Niccoline Chapel

Photogallery

Overall view
Overall view
Beato Angelico, The diaconal consecration of St. Laurence, 1448
Beato Angelico, The diaconal consecration of St. Laurence, 1448

Situated in the heart of the Apostolic Palace, close to Raphael’s logge and the areas where the apartment of Julius II and Leo X would later be established, the Niccoline Chapel owes its name to Pope Nicholas V (Tommaso Parentucelli, 1447-1455), who ordered its construction corresponding to the final two floors of the tower constructed at the behest of Innocent III (1198-1216), the fourth pontiff bearing the name (1243-1254), protecting a pre-existing palatial core.
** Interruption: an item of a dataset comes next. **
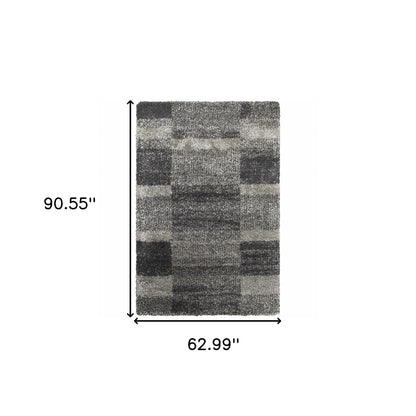 5' x 8' Black and Gray Geometric Shag Power Loom Area Rug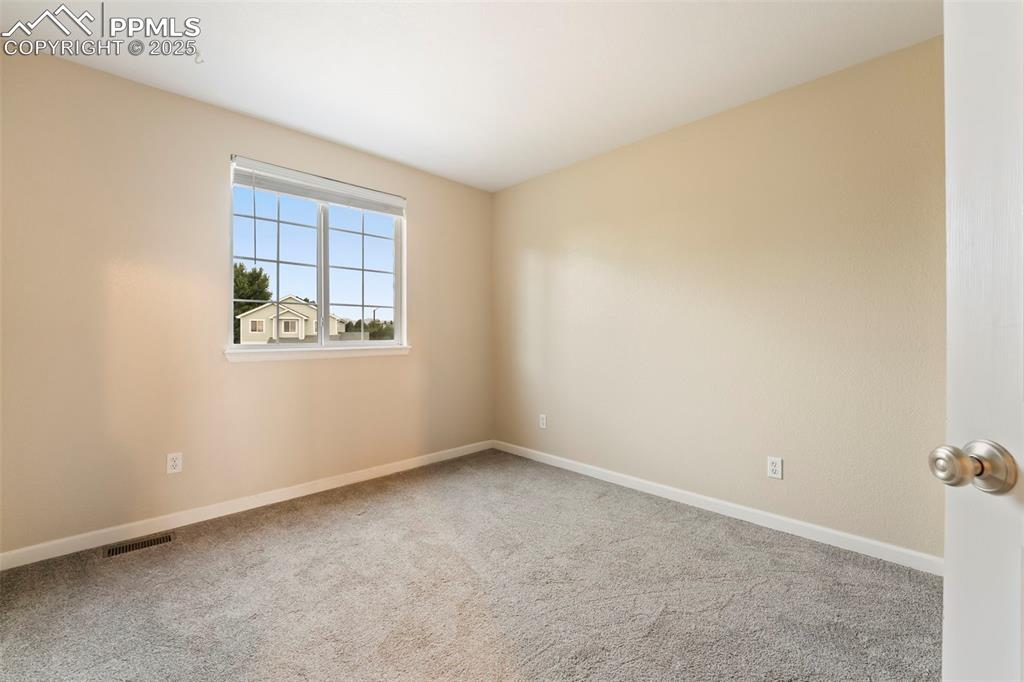 Image 17 of 31: Carpeted empty room featuring baseboards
The sumptuous decoration of the Chapel, ascribable to the Dominican Fra Angelico (or Beato Angelico) by two payments made in February and March 1448, is one of the great works of fifteenth-century Italy and is probably the peak of what may be defined as the Florentine painter’s “Christian humanism”. The frescoes which cover the interior begin on the wall to the right of the altar, in the direction of the Pope’s private rooms, and develop in two overlapping registers along the entire perimeter of the space, concluding on the opposite wall towards the camera paramenti superior, the seat of the Guardia dei Lanzi. There are illustrated episodes from the life of Sts. Steven and Laurence, expressed in parallel in accordance with the rhetorical law of correspondence, starting with their respective diaconal consecrations and continuing with their generous witness of faith, culminating in their martyrdom. The ceiling, divided into four sail-shaped sections by the ribs of the vault, is dominated by the portrayal of the Four Evangelists, whose authority – on which the foundations of Christian doctrine rest – is symbolically transmitted to the eight Doctors of the Church, represented in niches on the arches framing the walls. Although there are numerous references to antiquity in the architecture and poses, a fully Renaissance character may be seen in the moral force that emanates from the varied humanity of the frescoes, heroic and dignified as the protagonists of classical history.